I’m not sure what her lesson was. She wanted the word reined in maybe, wanted it off the playground. The immediate effect on me was to charge it so that for the rest of the day, I could think of little else.
As I walked the five blocks to my grandmother’s, I took off my school shoes. I felt the concrete sidewalk under my feet. Holding one black loafer in each hand, I stepped onto the low wall of redwood trunk sections that led up the path to her house, placing one foot in front of the other, occasionally wobbling, then correcting myself.
I turned the word over in my mind, spoke it softly to myself, feeling the airstream move through my lower lip and my front teeth, the blade of my tongue arching up toward my palate, exaggerating the final consonant.
The main door was open into the small vestibule lined with dolls my aunt was collecting from the gas station. Free with a fill-up.
No letter from Lynn that day. No jellied orange slices from the candy dish. I went directly back to my room, threw my book bag on the dresser and looked out the window onto the wide lanes of traffic of Curtner Avenue, a street that until that year, I wasn’t allowed to cross alone. Across the four lanes, my classmate Rona Parisi played Chinese jump rope with her little sisters on the driveway, obviously unaffected by today’s lesson. On another day I would have pulled on a pair of shorts and darted across to join them. I watched Rona’s intricate footwork inside the stretched elastic bands.

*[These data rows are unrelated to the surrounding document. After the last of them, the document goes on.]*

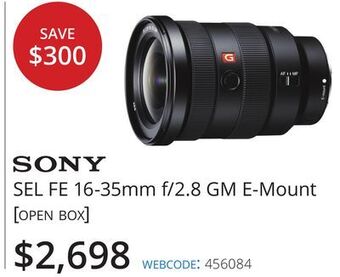 Vistek Sony sel fe 16-35mm f/2.8 gm e-mount [open box] offer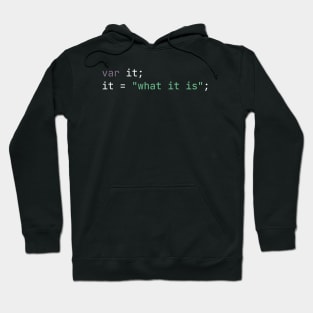 It is what it is Funny Saying in Code -  Dark Mode Hoodie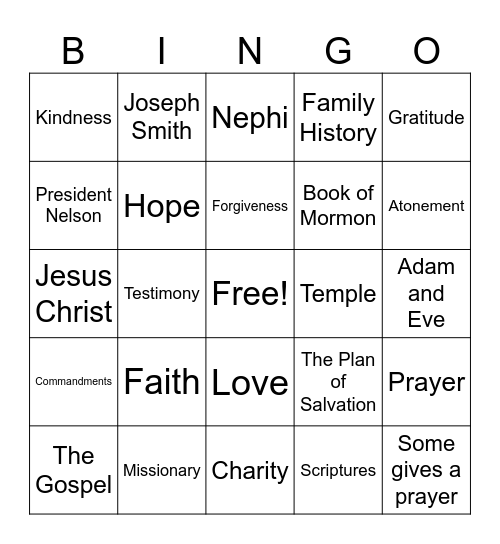 General Conference Bingo Card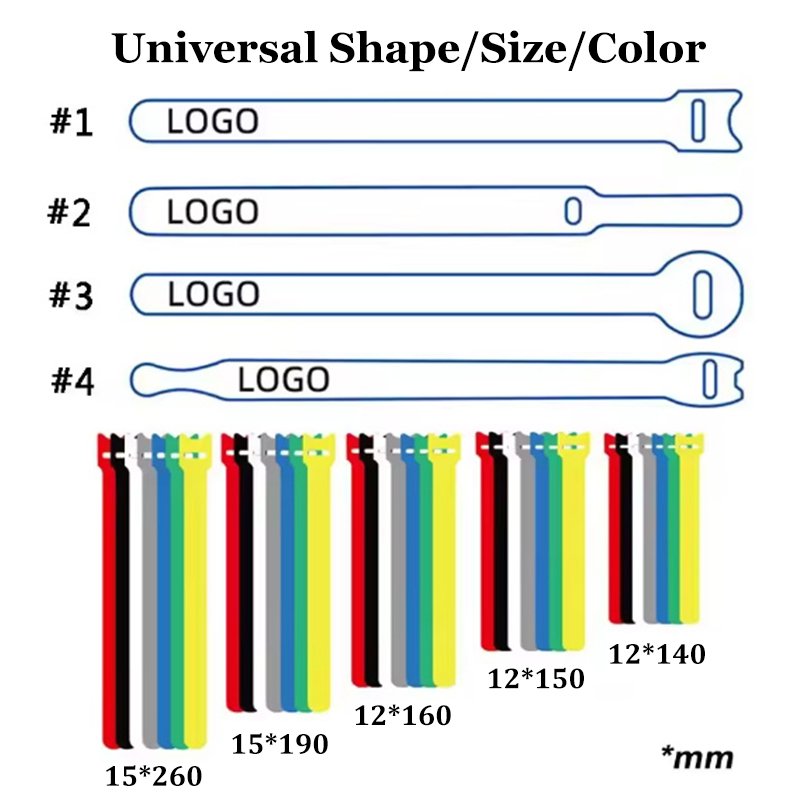 Manufacturer Wholesale Price Cable Management Velcro Ties Adjustable Cable Polyester Nylon Hook and Loop Adhesive Tape
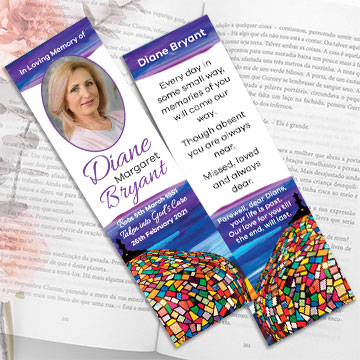 Funeral bookmark design and print service by Kdee Designs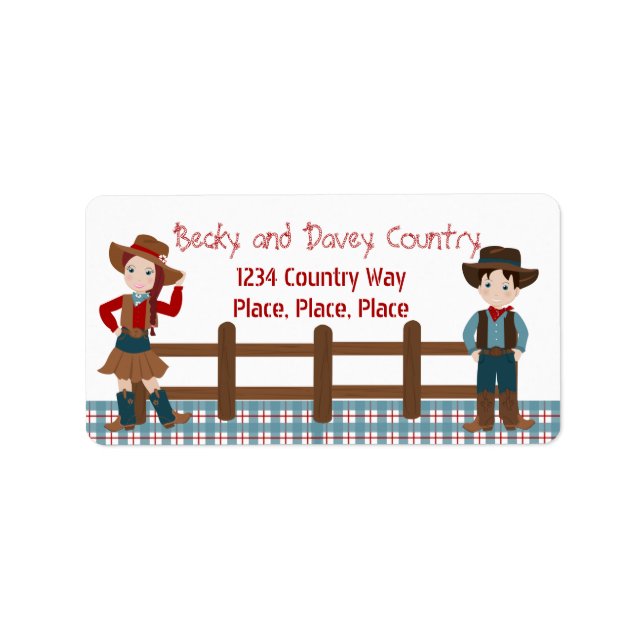 Étiquette Enfants de Cowboy (Devant)
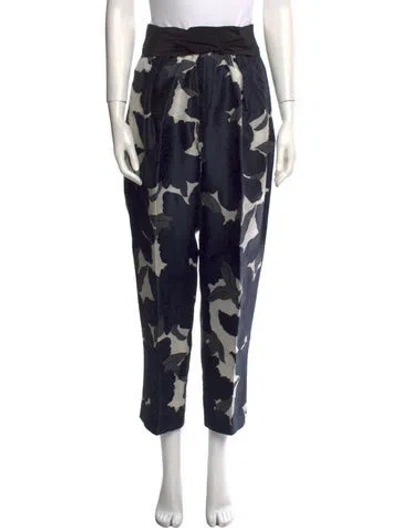 Pre-owned Chloé Printed Straight Leg Pants In Blue
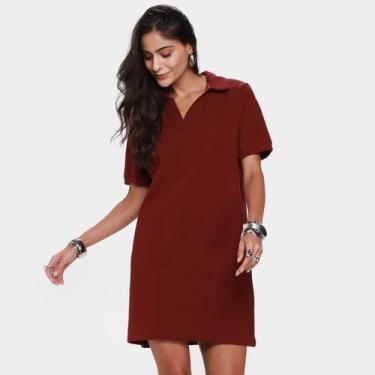 Imagem de Vestido Hering Casual Feminino, Vermelho escuro, P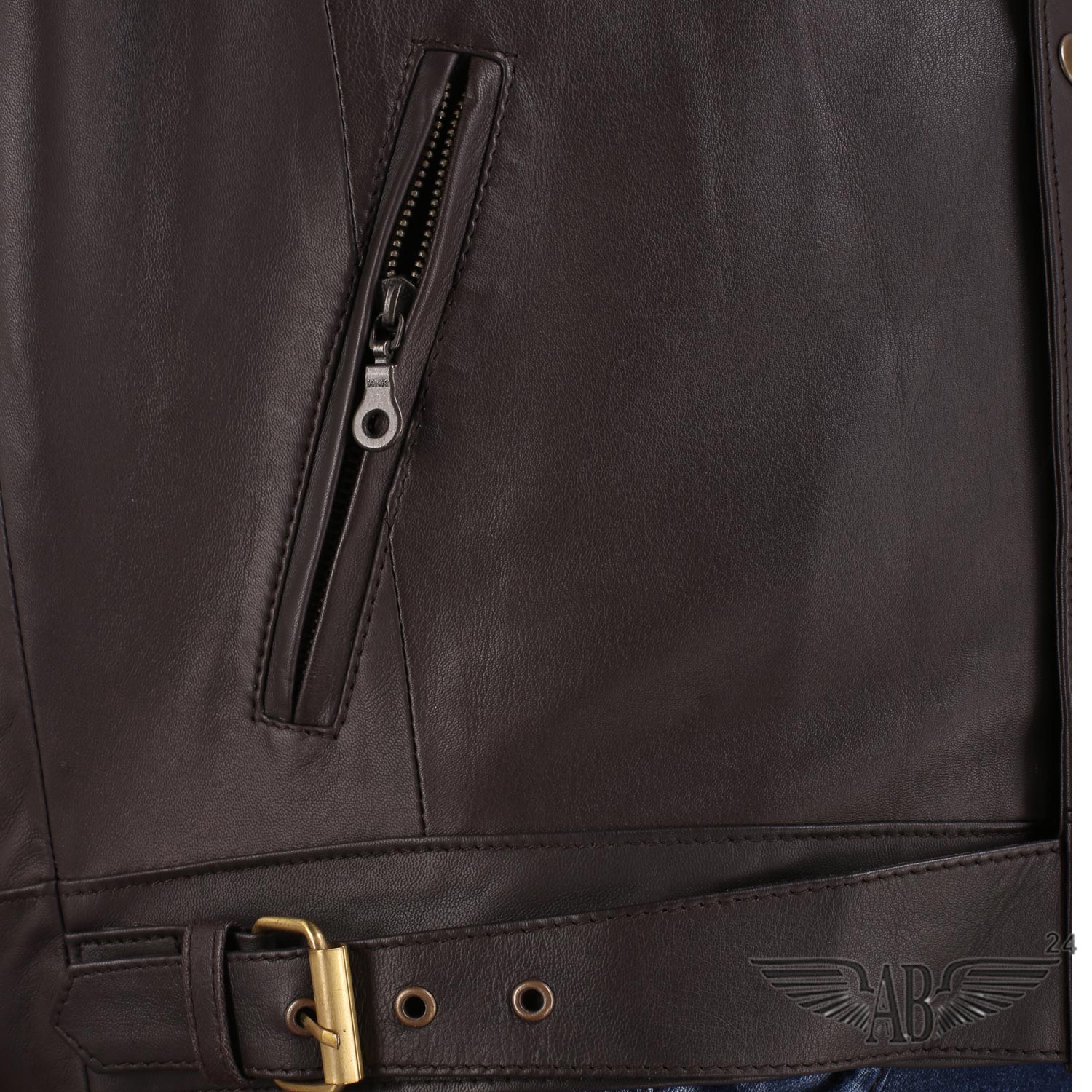 Slit pocket image of BELSTAF BIKER FASHION JACKET MENS. The slit pocket is zippered.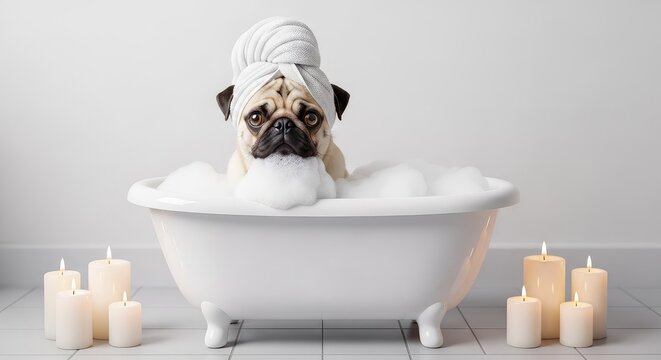 A cute pug dog sits relaxed in a porcelain bathtub filled with fluffy white bubbles, wearing a small towel wrap and surrounded by candles, funny, serene, suds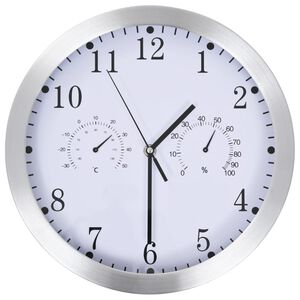 vidaXL V&auml;ggklocka med Quartz-urverk hygro- och termometer 30 cm vit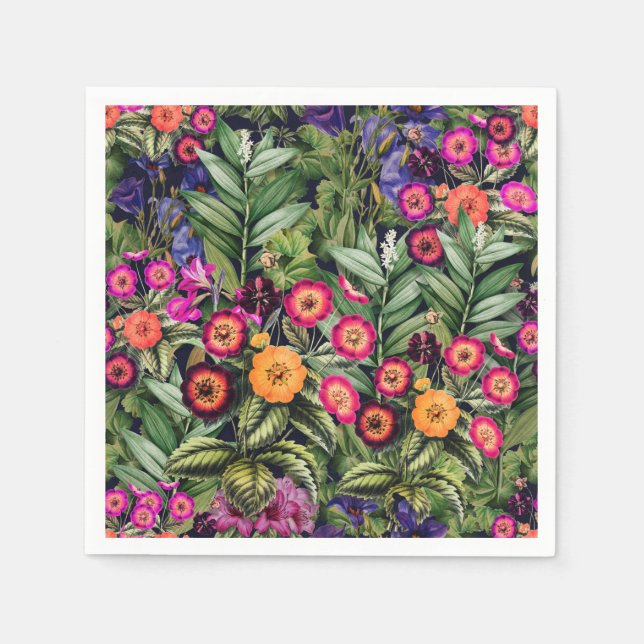 Pink Meadow Floral Napkins (Front)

The silver casement of the window gleamed in the afternoon sun, drawing my gaze to the long blank space of the sill. I opened the window wide into the heavy air thick with the complex fragrance of my grandmother’s yard. The persimmons almost ready to drop, almost soft enough for the cookies she would soon make. The black walnuts on the grass. The fading blooms of calla lilies my grandfather had planted thirty years before in the narrow bed under the window.
The faint smell of the kerosene torches and wet stones in the shaded grotto to Mary in the back corner of the yard.
I turned back into to the room, glimpsing my face in the oval mirror, its frame crowded with holy cards, and slid my bookbag across the dresser. I angled my pen toward the sill, shaping each letter slowly, as if I were uncovering something with each stroke.
I leaned in hard.
Kings, puppies, stage curtains, horses, schoolbuses, Lynn’s breath:
I wanted that word.
(originally published in Southword: New Writing from Ireland, #15 February 2009)
Beautiful. I’m a fan.
Gorgeous. I’m a fan too. I will remember this story a long, long time. To me, it’s about a place you lived in deeply and beautifully paired with an emotional place. Brava. So skillfully done.